Going radical for life long learning 

Paul Reynolds  on new ideas for Labour’s post-compulsory education policy 

Education was significant in the 2017 Manifesto, with its promise of a comprehensive National Education Service.  The promise to abolish student fees and reintroduce maintenance grants appealed to the youth vote  and has encouraged the mobilisation of youth behind Corbyn.  Recent concerns about Vice Chancellor’s pay have underlined the questioning of the corporate direction of universities. However, that was all that the manifesto said about universities  

The post-compulsory education sections focused on skills, with promises to introduce free lifelong education in a well-staffed and well-resourced further education sector. It promised to: equalise funding between sixth forms and colleges in 16-18-year-old Key Stage 4 education; restore education maintenance allowances and replace fees with direct funding; and develop quality teaching across the private and public sector.  

The third major plank to Labour’s proposals was the resourcing and improvement in quality of apprenticeship programmes from large and small/medium size employers, with trade union representation in the governance structures for apprenticeships and a specific commitment to inclusion for women, BAME, LGBT and disabled people. Only at the end of the skills section is the establishment of a lifelong learning commission ‘tasked with integrating further and higher education’.  

Labour can and should be more radical in its approach to post-16 policy, both to attract support and to make a persuasive case for a constructive but not singular link between education and economy. How could it enhance its proposals? 

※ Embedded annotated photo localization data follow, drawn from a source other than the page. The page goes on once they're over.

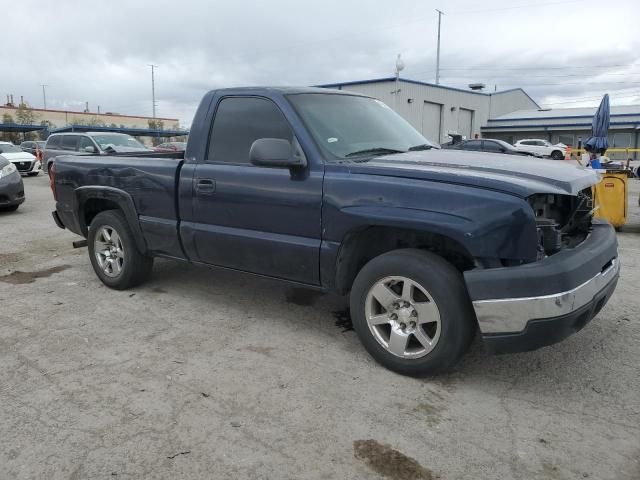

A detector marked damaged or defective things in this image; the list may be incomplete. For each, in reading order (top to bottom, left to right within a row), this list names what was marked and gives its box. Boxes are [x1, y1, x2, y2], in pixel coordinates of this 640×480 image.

cracked headlight [0, 164, 16, 181] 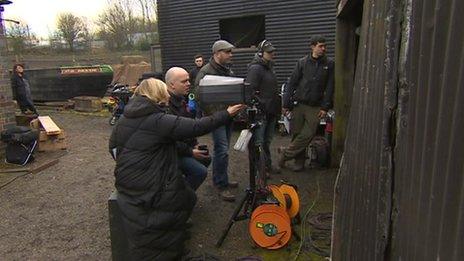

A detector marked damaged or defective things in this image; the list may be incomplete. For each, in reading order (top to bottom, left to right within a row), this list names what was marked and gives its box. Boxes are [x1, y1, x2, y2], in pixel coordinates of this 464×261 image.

rusty metal wall [332, 0, 400, 256]
rusty metal wall [334, 0, 464, 256]
rusty metal wall [392, 0, 464, 258] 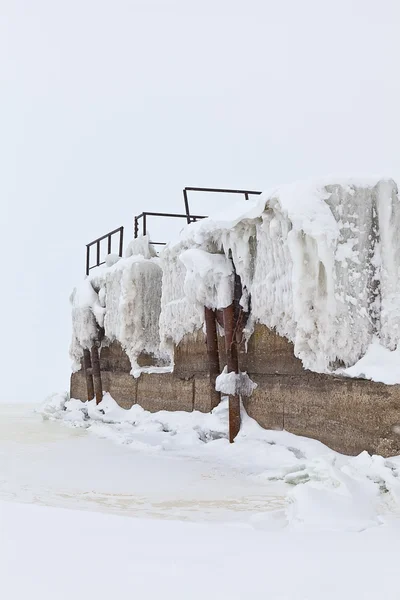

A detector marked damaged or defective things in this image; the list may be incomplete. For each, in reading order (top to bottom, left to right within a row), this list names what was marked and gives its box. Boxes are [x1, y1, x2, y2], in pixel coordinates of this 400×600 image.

rusty metal post [222, 304, 241, 440] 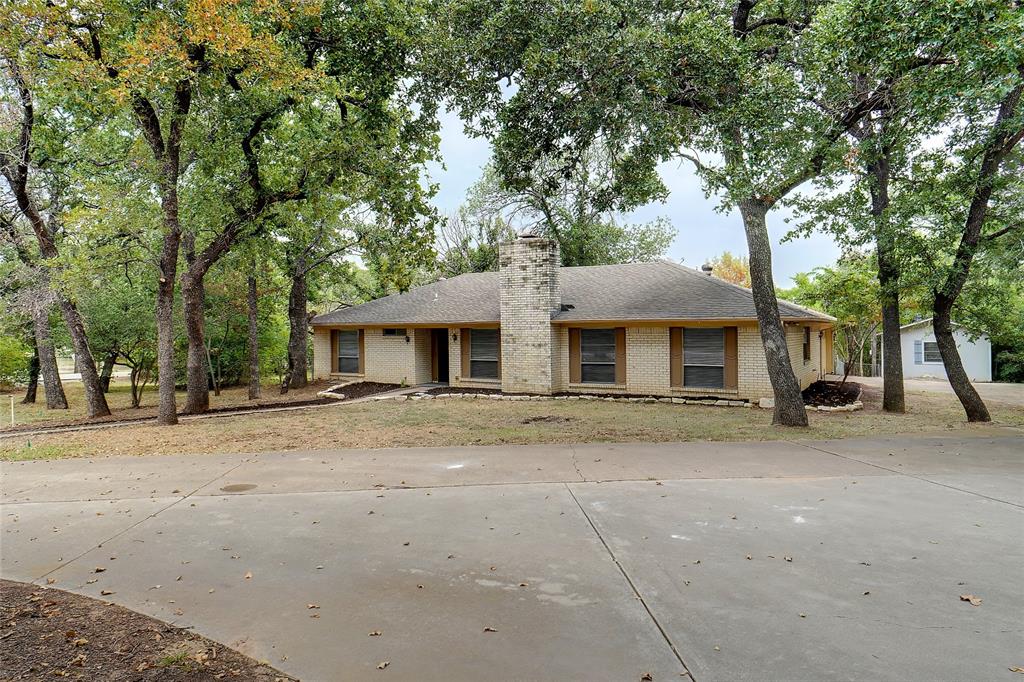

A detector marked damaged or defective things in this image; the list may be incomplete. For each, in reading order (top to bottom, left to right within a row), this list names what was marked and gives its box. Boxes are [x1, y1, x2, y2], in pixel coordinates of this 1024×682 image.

driveway crack [561, 481, 696, 675] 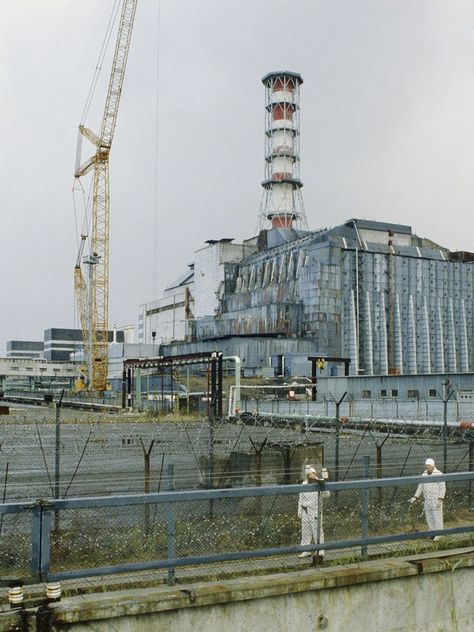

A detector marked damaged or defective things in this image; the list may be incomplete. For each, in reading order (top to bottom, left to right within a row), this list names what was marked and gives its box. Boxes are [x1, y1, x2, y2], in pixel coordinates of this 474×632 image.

damaged reactor building [139, 72, 474, 382] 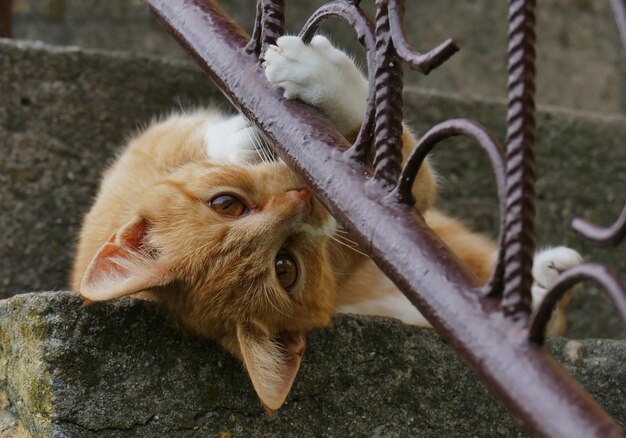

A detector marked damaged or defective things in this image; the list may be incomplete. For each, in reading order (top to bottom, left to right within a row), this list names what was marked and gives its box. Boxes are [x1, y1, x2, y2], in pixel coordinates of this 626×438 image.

rusty metal bar [144, 1, 620, 436] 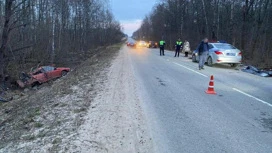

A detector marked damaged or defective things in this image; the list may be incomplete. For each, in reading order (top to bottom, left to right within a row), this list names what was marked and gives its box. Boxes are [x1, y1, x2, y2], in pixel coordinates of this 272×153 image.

damaged red car [16, 66, 70, 88] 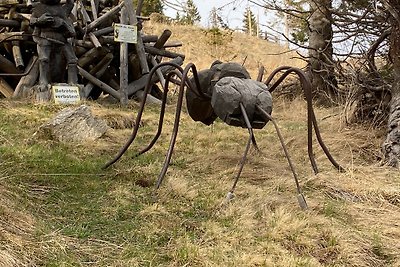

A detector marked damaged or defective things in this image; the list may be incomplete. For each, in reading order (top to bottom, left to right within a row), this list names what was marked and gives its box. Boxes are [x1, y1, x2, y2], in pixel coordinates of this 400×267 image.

rusty metal leg [256, 105, 310, 210]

Forming a Post-Compulsory Education Commission should be a priority. It should promote the value of all three routes to meeting ambitions, emphasising a parity of esteem where all forms of education (including training) are valued for their fitness for purpose and not their status (something that currently skews universities from further education colleges). This could directly foster an appreciation for industrial and vocational work (as it does in Germany, promoting industrial strategy) whilst appreciating the value of intellectual and cultural qualifications. This would also offset the rabid rhetoric of a crude ‘vocationality’ that is ineffectively being pressed in the university sector.   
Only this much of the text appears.